Par ailleurs, si l'islam est éclaté et en crise, cela signifie aussi que certains musulmans cherchent à sortir de l'islamisme, et il faut en tenir compte. De notre point de vue, l'islamisme représente un danger, dans la mesure où il implique un risque de basculement dans le djihadisme militant. Dans la région, les musulmans le perçoivent d'abord – et de plus en plus – comme une forme d'autoritarisme qui tend à homogénéiser les sociétés, la religion, les pratiques et les mentalités, ce que beaucoup d'entre eux ne veulent pas.

Enfin, ainsi que l'a relevé très justement Jean-Christophe Peaucelle, il y a un moment où il faudra reconstruire ces États. Nous devons être très vigilants sur ce point. En Irak, les États-Unis aident actuellement les autorités à remettre en place une armée, mais, lorsque la coalition aura battu l'État islamique ou l'aura neutralisé par sa politique de containment, il faudra aussi rebâtir le pacte national, et nous devrons être présents à ce moment-là. En Syrie, il y aura une solution négociée, car aucune partie ne peut l'emporter militairement sur l'autre, et toute la région a le regard braqué sur ce conflit. Si le président Assad se maintient de manière éhontée, l'Iran triomphera. À l'opposé, s'il est battu avec l'ensemble de la communauté alaouite, les Chiites ne l'accepteront pas. Dans cette région, la politique des axes est, hélas, ce qu'il faut éviter.

Prenons du recul et pensons de manière prospective la recomposition de ces États.

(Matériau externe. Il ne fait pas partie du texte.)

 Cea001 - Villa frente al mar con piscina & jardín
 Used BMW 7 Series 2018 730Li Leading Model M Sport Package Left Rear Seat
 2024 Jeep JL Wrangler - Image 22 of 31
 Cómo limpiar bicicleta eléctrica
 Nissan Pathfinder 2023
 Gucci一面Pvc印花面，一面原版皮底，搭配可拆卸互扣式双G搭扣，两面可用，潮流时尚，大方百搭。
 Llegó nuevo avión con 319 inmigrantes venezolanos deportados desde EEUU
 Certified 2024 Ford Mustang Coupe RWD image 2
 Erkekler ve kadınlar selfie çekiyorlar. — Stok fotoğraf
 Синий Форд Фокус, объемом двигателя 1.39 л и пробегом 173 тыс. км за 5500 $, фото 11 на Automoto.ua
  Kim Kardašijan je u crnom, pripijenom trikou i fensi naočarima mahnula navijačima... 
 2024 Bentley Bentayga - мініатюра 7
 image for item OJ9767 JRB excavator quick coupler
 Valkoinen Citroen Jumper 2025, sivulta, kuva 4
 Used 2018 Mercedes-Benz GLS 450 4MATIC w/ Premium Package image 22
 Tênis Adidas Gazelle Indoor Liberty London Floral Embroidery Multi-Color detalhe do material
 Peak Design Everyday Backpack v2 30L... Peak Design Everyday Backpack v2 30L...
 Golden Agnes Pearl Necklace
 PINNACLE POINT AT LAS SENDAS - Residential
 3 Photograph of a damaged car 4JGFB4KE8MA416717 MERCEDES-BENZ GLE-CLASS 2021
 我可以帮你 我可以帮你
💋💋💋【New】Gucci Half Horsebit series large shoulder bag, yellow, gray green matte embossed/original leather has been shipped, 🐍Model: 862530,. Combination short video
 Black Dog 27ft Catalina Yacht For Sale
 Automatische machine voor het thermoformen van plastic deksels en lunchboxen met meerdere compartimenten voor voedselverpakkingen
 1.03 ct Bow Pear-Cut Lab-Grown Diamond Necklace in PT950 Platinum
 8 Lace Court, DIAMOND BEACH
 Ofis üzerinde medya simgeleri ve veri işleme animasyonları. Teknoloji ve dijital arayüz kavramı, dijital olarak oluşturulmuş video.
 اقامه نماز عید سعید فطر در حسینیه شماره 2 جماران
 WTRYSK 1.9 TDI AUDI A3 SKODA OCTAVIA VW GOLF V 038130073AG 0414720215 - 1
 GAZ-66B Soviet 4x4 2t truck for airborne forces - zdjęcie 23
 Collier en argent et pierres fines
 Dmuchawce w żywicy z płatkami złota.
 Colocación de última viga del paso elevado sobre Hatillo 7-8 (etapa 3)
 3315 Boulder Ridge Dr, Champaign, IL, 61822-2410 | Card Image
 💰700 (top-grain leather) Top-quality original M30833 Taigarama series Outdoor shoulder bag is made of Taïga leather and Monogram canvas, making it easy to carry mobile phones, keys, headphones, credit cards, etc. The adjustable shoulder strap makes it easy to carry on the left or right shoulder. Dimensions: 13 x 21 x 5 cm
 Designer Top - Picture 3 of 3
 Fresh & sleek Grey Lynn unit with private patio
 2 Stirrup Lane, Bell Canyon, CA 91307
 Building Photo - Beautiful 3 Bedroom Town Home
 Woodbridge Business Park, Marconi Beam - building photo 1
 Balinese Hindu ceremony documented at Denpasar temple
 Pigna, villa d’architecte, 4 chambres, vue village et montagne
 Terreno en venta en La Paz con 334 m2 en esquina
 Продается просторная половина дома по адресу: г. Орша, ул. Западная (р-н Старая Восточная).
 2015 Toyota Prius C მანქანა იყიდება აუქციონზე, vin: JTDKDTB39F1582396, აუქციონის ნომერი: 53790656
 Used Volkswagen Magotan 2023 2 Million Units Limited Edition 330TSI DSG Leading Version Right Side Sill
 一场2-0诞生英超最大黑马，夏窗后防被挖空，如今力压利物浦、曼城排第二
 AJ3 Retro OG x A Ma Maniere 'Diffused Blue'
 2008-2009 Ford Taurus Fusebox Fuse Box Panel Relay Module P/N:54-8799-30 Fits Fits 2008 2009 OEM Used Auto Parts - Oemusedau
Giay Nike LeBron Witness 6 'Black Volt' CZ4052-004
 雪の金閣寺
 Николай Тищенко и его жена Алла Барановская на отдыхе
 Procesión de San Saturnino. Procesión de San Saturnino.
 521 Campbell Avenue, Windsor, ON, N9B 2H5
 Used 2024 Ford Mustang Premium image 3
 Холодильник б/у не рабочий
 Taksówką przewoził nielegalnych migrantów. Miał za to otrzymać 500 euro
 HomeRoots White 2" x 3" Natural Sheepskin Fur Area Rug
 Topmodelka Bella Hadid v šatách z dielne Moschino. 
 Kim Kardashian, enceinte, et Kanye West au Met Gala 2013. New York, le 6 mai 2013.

La France a un rôle à jouer en la matière, notamment du fait de sa responsabilité historique : ainsi que Jean-Christophe Peaucelle l'a rappelé, au Proche-Orient, la construction nationale s'est faite dans le cadre des mandats français et britanniques au sortir de la Première Guerre mondiale. Compte tenu de la régionalisation des crises et de l'islamisation de la région, le plus grand danger vient de la montée des identités sectaires, qui risquent de remplacer les sentiments d'appartenance nationale en perte de vitesse. Il ne faut pas laisser ces identités se développer. La France a une conception du bien commun et du lien de citoyenneté, ainsi qu'une expertise en matière de réconciliation nationale et de reconstruction d'un État citoyen, que nous devrions d'ores et déjà mettre en avant.